13 / November
13 / November
Bush's Pakistan Problem

Has there been a more embarrassing counterexample to George W. Bush's utopian Second Inaugural Address delusions than Pakistan? Bush proclaimed that "the urgent requirement of our nation's security, and the calling of our time" was supporting the growth of democracy. Yet, in the name of America's security, he doles international welfare out to a dictator. There is a flaw in the logic of Bush's second inaugural, and his policies toward Pakistan highlight this. For America's sake, it's a good thing that his actions do not match his rhetoric.

George Bush says democracy defeats terrorism. Pervez Musharraf says democracy inhibits fighting terrorism. He has suspended rights, he says, to uproot terrorists. Unfortunately, the people whose rights he has curtailed include the woman who seeks to take his place as leader of Pakistan.

For the second time this week, former Pakistani prime minister Benazir Bhutto has been placed under house arrest by Musharraf. She sought to hold a protest, which is pretty standard fare for political activity. But if even milquetoast political activity is verboten in the lead up to an election, how can the election be fair? There will be an election in Pakistan. There won't be democracy, or at least what has been conflated with democracy: liberty, rights, etc. The right to vote people into power isn't the key question. The limitations on the power of the elected is.

Should Bush crusade against Musharraf? No, because it's not in the direct interests of the United States (neither, it seems, are our bribes/aid). But his second inaugural says that he should: "So it is the policy of the United States to seek and support the growth of democratic movements and institutions in every nation and culture, with the ultimate goal of ending tyranny in our world." Blah, blah, blah. It makes you almost long for the time when U.S. presidents reflected, "He may be a sonovabitch, but he's our sonovabitch." At least those real politique guys weren't hypocrites.

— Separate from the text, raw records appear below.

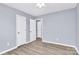 A spacious bedroom with neutral paint, ceiling fan and hardwood floors offers closet space at 333 S Eastway Dr, Troutman, NC 28166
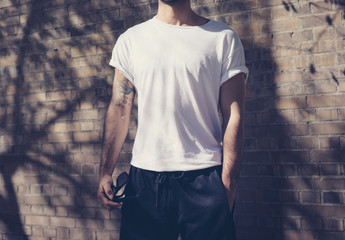 Naklejka na ściany i meble Photo modern man with tattoo wearing blank white tshirt. Stands in front of a brick wall. City street background. Horizontal 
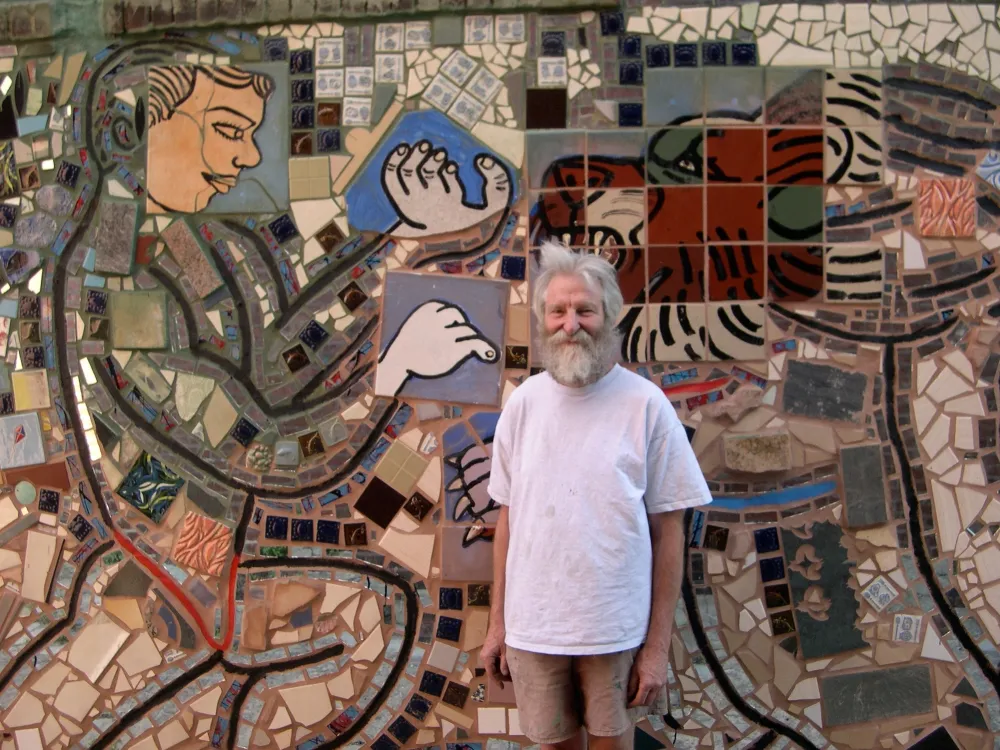 An elderly man with white hair and beard, artist Isaiah Zagar, poses smiling in front of a mosaic artwork he created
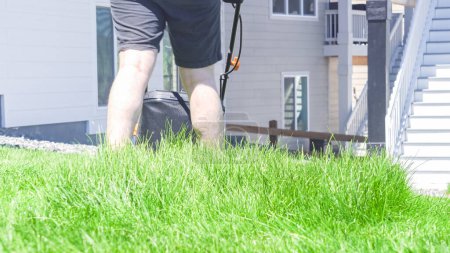 Téléchargez les photos : Dans une maison de banlieue résidentielle, une pelouse verte luxuriante est soigneusement tondue à l'aide d'une tondeuse à gazon électrique, créant un espace extérieur bien entretenu et accueillant. - en image libre de droit
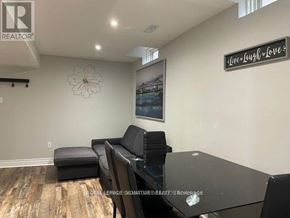 Vaughan (Vaughan Grove) apartment for rent - A living room with a black couch and a glass table.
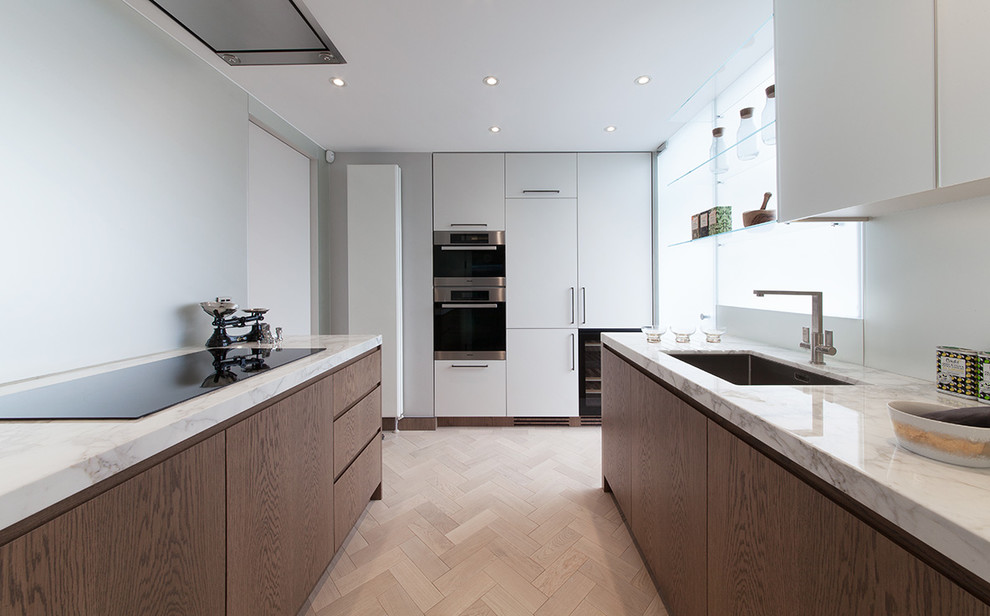 This is an example of a small midcentury u-shaped separate kitchen in London with a drop-in sink, flat-panel cabinets, dark wood cabinets, marble benchtops, stainless steel appliances, light hardwood floors and no island.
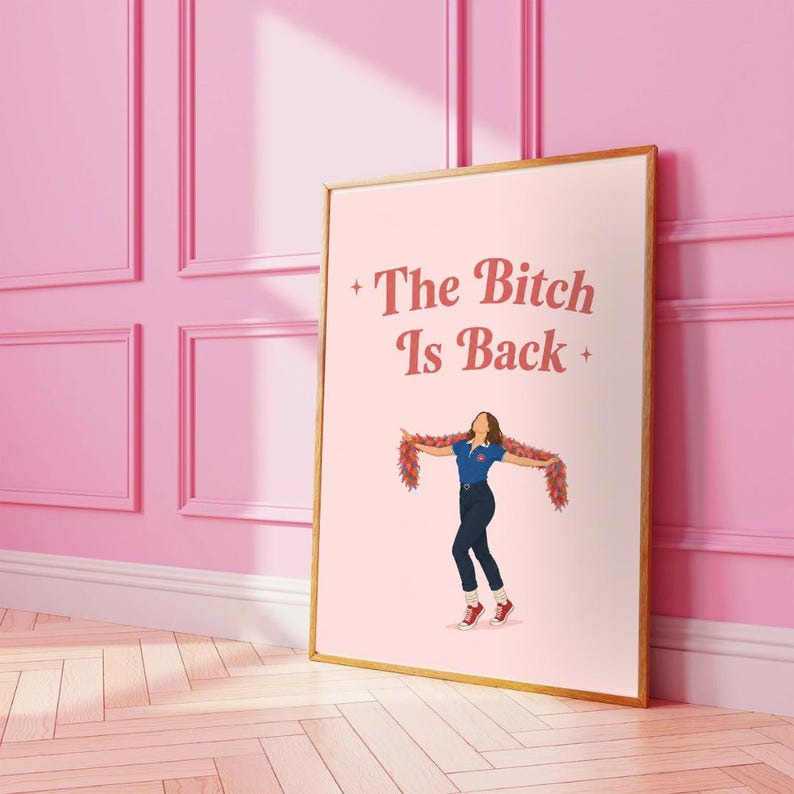 Może przedstawiać: Oprawiony wydruk artystyczny z r&oacute;żowym tłem i złotą ramą. Wydruk zawiera tekst "The Bitch Is Back" w stylizowanej czcionce. Ilustracja osoby w niebieskiej koszuli, ciemnych spodniach i czerwonych butach znajduje się na środku.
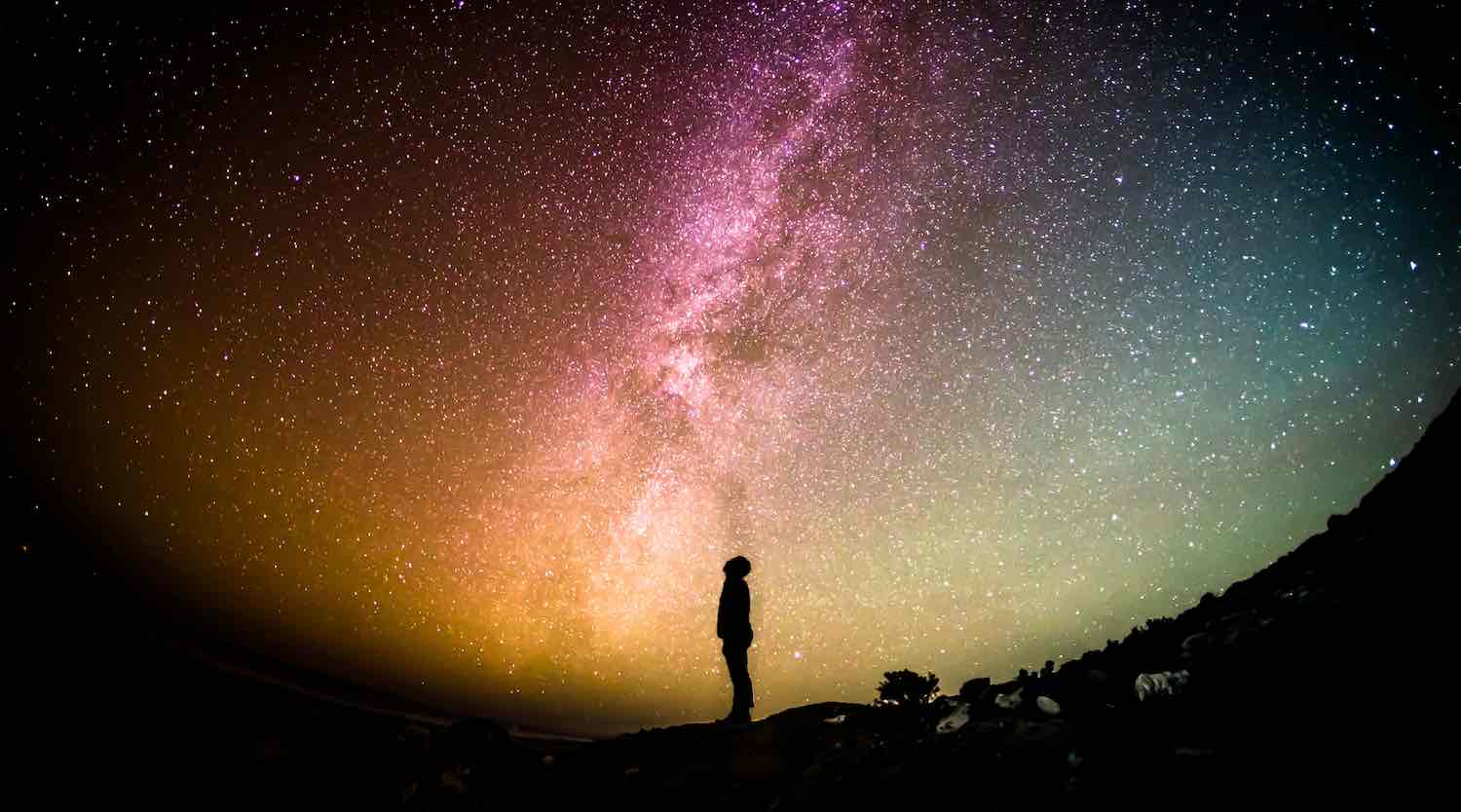 Silhouetted person stands on a rocky ridge beneath a vivid Milky Way sky, evoking Astro-Dharma, Saturn mastery, and contemplative awakening.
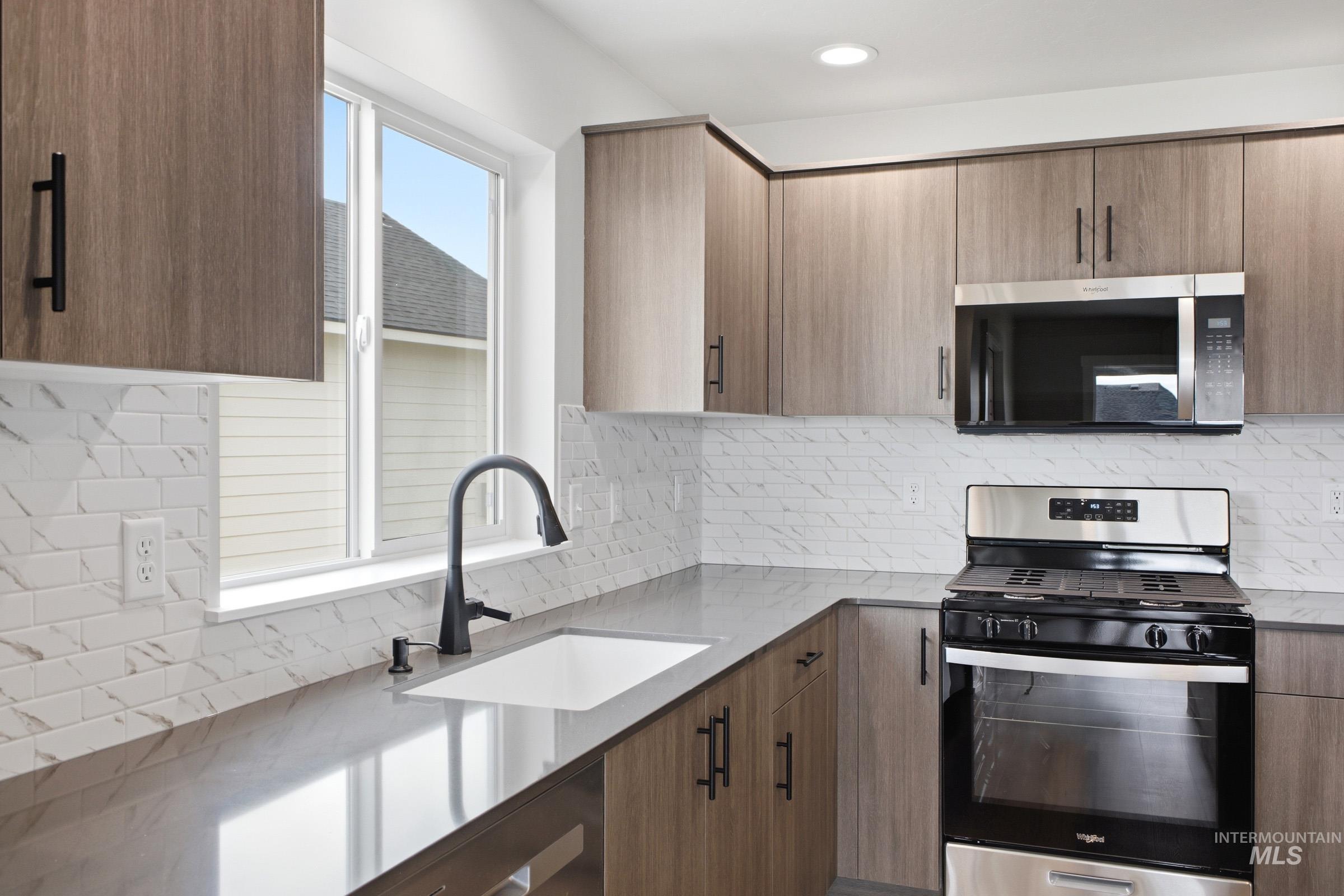 Contemporary kitchen featuring wood-grain cabinetry with matte black hardware, stone-look countertops, and a white subway tile backsplash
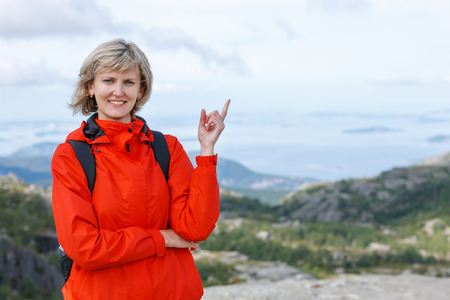 Happy woman outdoors pointing up at copy spaceの写真素材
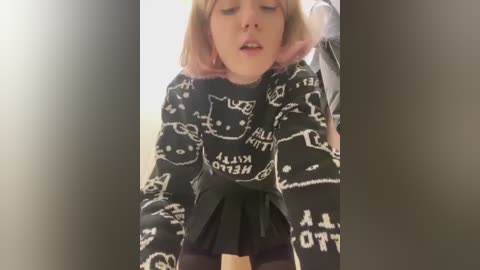 Media: A video of a young, light-skinned woman with shoulder-length blonde hair, wearing a black sweater with white cat illustrations, leaning forward suggestively.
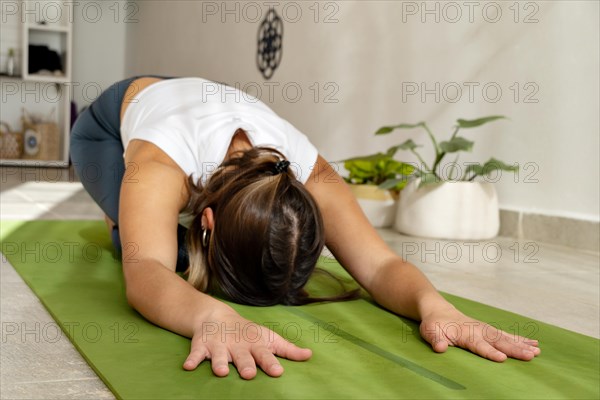 Beautiful woman practices yoga asana Balasana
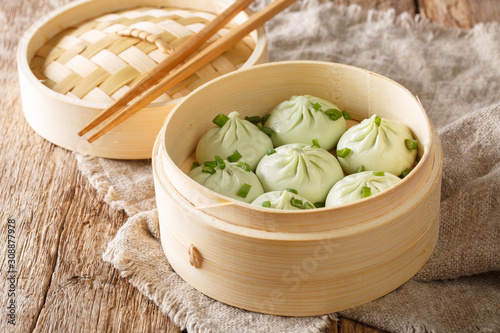 Delicious homemade chinese cuisine Steamed Baozi with bamboo steamer close-up. Horizontal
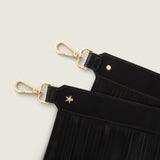 Close-up of the Fringe Shoulder Strap in black nappa leather with gold clasps and star detail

Another drawback to the democracy uber-alles policy is that the results of elections don't always mesh with U.S. interests. Anatol Lieven writes in the International Herald Tribune, "a parliamentary coalition could be put together against the PPP [Bhutto's party]. Such a move would be completely democratic and constitutional. It would also have to include the moderate and not-so-moderate Islamist parties. What, one wonders, would the US administration make of this product of Pakistani democracy?" In other words, be careful what you wish for. Votes can bring a Hitler into power just as they brought a Washington into power.

posted at 12:23 AM
Comments

http://article.nationalreview.com/?q=YWVjYWI5MDFmYzUzNzU3NTVmNTNlYzBmYjRmOTYwY2M=

Posted by: Ralph on November 12, 2007 08:21 PM

Ralph,

I read that NR article and the most important line he writes is his last one: "This thing can’t be scripted, in Washington or anywhere else."

Nice to see NR giving voice (even if by accident) to a more traditional realist foreign policy. But the author doesn't really apply this insight.

I think our govt should apply it in several ways: 1) cut off all aid to Pakistan;
2) stop declaring this, that, or the other as regards what Musharraf should do;
3) work seriously towards leaving Iraq entirely.

Once we stop being a prop for Musharraf and once we disengage in the region then much of the seething anger towards us will dissipate and Musharraf can likely even regain some actual control of the country. It will also be much easier for us to deal w/ the 5% of Muslims (just throwing a number out) who will actively try to harm us once we have gotten the other 80% who are radicalized by our policies to go back to indifference and their daily lives.

We should be using more indirect means of supporting stability there as whenever someone is seen as a puppet of ours his ability to govern is completely undercut. This stands to reason I think. E.g, there is experience of this reaction to rule seen as "foreign" in our own country's history from the Reconstruction Era.

Posted by: Bruce Wayne on November 13, 2007 12:55 AM

We should have walked in there after 9/11 and warned these bastards that we will not tolerate muslims with nukes. Put a gun to the SOB's head and take over the country. Why didn't we do this? That country could be ours!

Posted by: Homer J. Fong on November 13, 2007 09:53 AM

I think that people who are comfortable in the U.S. under our democratic government and rule of law miss what social, cultural and political chaos exists in most parts of the third world.

It's unfortunate, but dictators seem to work best in countries where tribalism trumps democracy and chaos trumps the rule of law.

Iraq is a good experiment and will be the example of what happens when an iron fisted dictator is ousted and replaced by a democratic regime.